A nine-member delegation from CATS (above, at an Islamic boarding school in Central Java) traveled to Indonesia to conduct extensive field research for this study. The resulting report analyzes the critical success factors behind LibForAll’s overall strategy and key individual programs, including its “Musical Jihad,” Bali Holocaust Conference, Ocean of Revelations film series, International Institute of Qur’anic Studies and “pathbreaking” (Wall Street Journal) extremist exposé, The Illusion of an Islamic State.
“LibForAll constitutes… an interesting phenomenon in terms of bridging the gap against extremism both within and between regions.

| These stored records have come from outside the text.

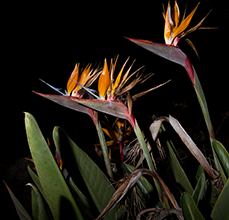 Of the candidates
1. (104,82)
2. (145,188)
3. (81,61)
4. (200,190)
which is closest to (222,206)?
(200,190)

The organization has also, in an experimental manner, used various means and forums to reach out to as large a segment of society as possible by using credible messengers and new technological platforms. LibForAll’s coordinated media strategy has had a decisive political effect in terms of curbing political parties with an extremist agenda. Exposing the true nature of the parties has enabled marginalization of corrosive, subversive forces.”
“LibForAll’s publication of The Illusion of an Islamic State: The Expansion of Transnational Islamist Movements to Indonesia had a considerable impact on domestic policy. It primarily contributed to neutralizing one candidate’s bid for vice president in the 2009 national election campaign, who had ties to the Muslim Brotherhood. It also helped drive a wedge between President Susilo Yudhoyono, who was running for re-election, and the PKS party’s candidate, which had been his coalition partner for the previous five years. PKS has played a double role – it has supported the government the past five years on the one hand and continued to promote radicalization on the other. Yudhoyono nominated a strong nationalist candidate as vice president instead.” Read the full report (32 pages, PDF). Read report excerpts (7 pages, PDF).
In a February 12, 2010 Newsweek article entitled, “The Jihad Against the Jihadis,” Fareed Zakari cites the CATS study and, without naming LibForAll, refers to our decisive role in helping to counter radicalization: “Perhaps the most successful country to combat jihadism has been the world’s most populous Muslim nation, Indonesia. In 2002 that country seemed destined for a long and painful struggle with the forces of radical Islam. The nation was rocked by terror attacks, and a local Qaeda affiliate, Jemaah Islamiah, appeared to be gaining strength. But eight years later, JI has been marginalized and main-stream political parties have gained ground, all while a young democracy has flowered after the collapse of the Suharto dictatorship.
“Magnus Ranstorp of Stockholm’s Center for Asymmetric Threat Studies recently published a careful study examining Indonesia’s success in beating back extremism. The main lesson, he writes, is to involve not just government but civil society as a whole, including media and cultural figures who can act as counterforces to terrorism.”